He decided not to bother and turned and made his way back down the drive to the village of Newchurch. A little further on he came to another house and decided to ask for lodgings. On acceptance and while over a meal he related to the family his experiences at the house, about the party and the horse and carriage. and that nobody could hear him because of the noise made by the party goers. He was then informed that the house had been demolished over 100 years ago and that there was nothing there except the gate posts and an old barn and an overgrown orchard. He refused to believe this and persuaded one of the men to go with him to have a look the next day. He triumphantly led the way to the gates of the great house, but, to his dismay and astonishment the gateposts were derelict and without gates, the drive was a tangle of weeds and there was no trace of the house.
BILLINGHAM MANOR is the setting behind a legend of duelling lovers. Though this one carries a mortal sting in its tail. Billingham was reputed as the most haunted house on the island when Sir Shane Leslie rented it in 1928, but strange as it may seem none of the apparitions was thought to be malevolent. According to tradition the fair lady of the Billingham was wooed and won by a gentleman of culture and refinement. Some time later appeared another suitor, rich, young and handsome, who successfully pursued the lady. A duel was arranged between the two lovers as neither would surrender to the other. And the consquence was that the younger man won, killing the older man with a thrust of his sword. But the lady and her new lover did not enjoy much happiness for he was shortly afterwards drowned while crossing to France. The beautiful widow grew wizened and ugly and no other suitors came for her hand in marriage. She lived the rest of her life in remorse and even after death could find no peace.
A story relates how Louis de Rochefort a Frenchman, came to Brading and had just finished a meal and was retiring to an upstairs room overlooking Quay Lane.

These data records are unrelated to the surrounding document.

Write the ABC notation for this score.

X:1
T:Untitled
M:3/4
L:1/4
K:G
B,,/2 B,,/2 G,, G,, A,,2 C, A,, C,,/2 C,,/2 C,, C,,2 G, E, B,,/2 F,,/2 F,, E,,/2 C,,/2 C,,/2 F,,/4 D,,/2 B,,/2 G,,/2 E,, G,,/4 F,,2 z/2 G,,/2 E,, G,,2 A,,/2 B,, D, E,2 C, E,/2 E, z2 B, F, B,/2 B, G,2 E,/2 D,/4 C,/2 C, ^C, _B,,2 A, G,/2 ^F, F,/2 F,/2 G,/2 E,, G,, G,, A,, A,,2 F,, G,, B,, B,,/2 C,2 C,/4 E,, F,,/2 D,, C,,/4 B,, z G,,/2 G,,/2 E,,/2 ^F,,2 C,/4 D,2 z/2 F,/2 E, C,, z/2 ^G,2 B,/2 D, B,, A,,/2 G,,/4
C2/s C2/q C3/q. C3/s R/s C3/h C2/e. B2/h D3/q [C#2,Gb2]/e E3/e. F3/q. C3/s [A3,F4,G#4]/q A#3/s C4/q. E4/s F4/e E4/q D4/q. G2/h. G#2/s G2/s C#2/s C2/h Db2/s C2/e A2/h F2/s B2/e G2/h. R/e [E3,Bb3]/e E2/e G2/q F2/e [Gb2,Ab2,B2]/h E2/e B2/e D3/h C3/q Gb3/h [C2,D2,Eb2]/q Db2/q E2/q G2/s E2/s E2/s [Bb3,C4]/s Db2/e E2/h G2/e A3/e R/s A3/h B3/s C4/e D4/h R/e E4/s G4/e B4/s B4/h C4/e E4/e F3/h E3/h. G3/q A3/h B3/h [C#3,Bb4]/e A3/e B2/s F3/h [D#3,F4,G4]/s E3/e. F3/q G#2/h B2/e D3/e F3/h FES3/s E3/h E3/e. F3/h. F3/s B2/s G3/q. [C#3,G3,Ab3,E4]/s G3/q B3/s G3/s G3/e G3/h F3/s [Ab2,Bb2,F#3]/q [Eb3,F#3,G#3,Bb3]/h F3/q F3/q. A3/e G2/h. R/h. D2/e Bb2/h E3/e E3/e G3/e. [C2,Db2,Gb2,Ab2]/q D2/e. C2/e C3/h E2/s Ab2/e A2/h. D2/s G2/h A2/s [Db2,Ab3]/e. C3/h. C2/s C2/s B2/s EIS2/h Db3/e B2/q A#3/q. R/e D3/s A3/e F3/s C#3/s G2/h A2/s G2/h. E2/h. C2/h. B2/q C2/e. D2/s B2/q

He climbed into bed and was soon asleep but a little while later an intruder stabbed the sleeping man again and again, and the sound of the dying Frenchmans screams could be heard throughout the inn.
Nobody knows for sure who did this dastardly deed, it may have been an assassin hired by Cromwell as it is thought that De Rochefort may have been an emissary of the King of France who was delivering a message to Charles I, who was at this time imprisoned in Carisbrooke Castle.
The murder is dramatically portrayed in the Wax Museum, but in reality the Frenchman cursed the murderer while he lay dying, and swore to haunt the house until his remains were taken back to France for burial.
And ever since then the ghost of Louis de Rochfort has haunted the old inn and subsequent buildings that have been built there.
The house was owned by the Carley family for over a century and they have recorded many sightings of this figure in one of the bedrooms, a room that overlooks Quay Lane.
It is said that his screams and the sound of a coach rattling along the lane outside can be heard. People have been known to have hurriedly left the place and animals seem to be afraid of approaching the first floor. People have volunteered to stay the night here but have fled before daylight and the editor of a local paper stayed one night with his dog for company, and they also beat a hasty retreat just after midnight when they are said to have heard noises and felt a cold atmosphere, even the dog became hard to control
Around the mid 1960s workmen were putting in a new water main and discovered a human skeleton. The local police decided that the remains were so old that no action was necessary but the coroner was contacted. It was then decided that the skeleton was that of de Rochefort and that they should be returned to France for a Christian burial. But though many of the de Rochefort family came forward none of them laid claim to the remains and so the bones were brought back to Brading with an amount of French soil to bury them in.
In 1991 and Australian came to the museum stating that he was Louis de Rochefort and he had been searching for this ancestor for years and had heard of the remains interred at Brading, and promised someday to return with his family.
It is not known for sure how Nettlestone got its name but a piece of land in the area was granted to the Cluniac monks from Burgundy just after the Normans invaded Britain.
At Nodes Point a small promontory, there was a small farmhouse which was converted into a mansion and it is said that a secret passage leads from here to the priory at St Helens.
The monks who built the priory enjoyed the life here and the land around St Helen's was farmed by them for many years, until Henry V banished foreign religious orders and returned the lands to the English. The priory is long gone and all that can be found here now i the house which has kept the name of The Priory.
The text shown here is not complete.